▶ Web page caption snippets
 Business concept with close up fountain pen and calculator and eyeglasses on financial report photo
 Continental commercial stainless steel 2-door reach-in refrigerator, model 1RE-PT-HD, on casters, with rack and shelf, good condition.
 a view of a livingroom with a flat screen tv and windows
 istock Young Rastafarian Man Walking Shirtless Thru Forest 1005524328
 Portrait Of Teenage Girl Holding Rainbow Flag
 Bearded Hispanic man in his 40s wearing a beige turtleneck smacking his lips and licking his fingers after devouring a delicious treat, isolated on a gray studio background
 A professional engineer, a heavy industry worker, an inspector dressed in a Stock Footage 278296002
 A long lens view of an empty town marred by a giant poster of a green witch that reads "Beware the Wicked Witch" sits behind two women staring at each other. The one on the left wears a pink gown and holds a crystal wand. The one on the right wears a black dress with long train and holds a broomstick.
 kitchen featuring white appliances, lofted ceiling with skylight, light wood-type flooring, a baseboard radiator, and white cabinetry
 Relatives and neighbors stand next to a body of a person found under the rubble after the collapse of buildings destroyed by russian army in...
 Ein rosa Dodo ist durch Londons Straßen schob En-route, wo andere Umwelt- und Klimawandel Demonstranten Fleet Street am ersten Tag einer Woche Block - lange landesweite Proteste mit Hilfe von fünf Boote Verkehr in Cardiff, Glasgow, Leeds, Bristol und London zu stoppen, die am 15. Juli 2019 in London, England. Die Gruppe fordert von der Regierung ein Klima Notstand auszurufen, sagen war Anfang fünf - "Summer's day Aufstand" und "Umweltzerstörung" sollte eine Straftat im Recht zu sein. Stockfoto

▶ Work order
Take the lines above from the one holding "a view of a" to the last and output them exactly.

▶ Answer section
 a view of a livingroom with a flat screen tv and windows
 istock Young Rastafarian Man Walking Shirtless Thru Forest 1005524328
 Portrait Of Teenage Girl Holding Rainbow Flag
 Bearded Hispanic man in his 40s wearing a beige turtleneck smacking his lips and licking his fingers after devouring a delicious treat, isolated on a gray studio background
 A professional engineer, a heavy industry worker, an inspector dressed in a Stock Footage 278296002
 A long lens view of an empty town marred by a giant poster of a green witch that reads "Beware the Wicked Witch" sits behind two women staring at each other. The one on the left wears a pink gown and holds a crystal wand. The one on the right wears a black dress with long train and holds a broomstick.
 kitchen featuring white appliances, lofted ceiling with skylight, light wood-type flooring, a baseboard radiator, and white cabinetry
 Relatives and neighbors stand next to a body of a person found under the rubble after the collapse of buildings destroyed by russian army in...
 Ein rosa Dodo ist durch Londons Straßen schob En-route, wo andere Umwelt- und Klimawandel Demonstranten Fleet Street am ersten Tag einer Woche Block - lange landesweite Proteste mit Hilfe von fünf Boote Verkehr in Cardiff, Glasgow, Leeds, Bristol und London zu stoppen, die am 15. Juli 2019 in London, England. Die Gruppe fordert von der Regierung ein Klima Notstand auszurufen, sagen war Anfang fünf - "Summer's day Aufstand" und "Umweltzerstörung" sollte eine Straftat im Recht zu sein. Stockfoto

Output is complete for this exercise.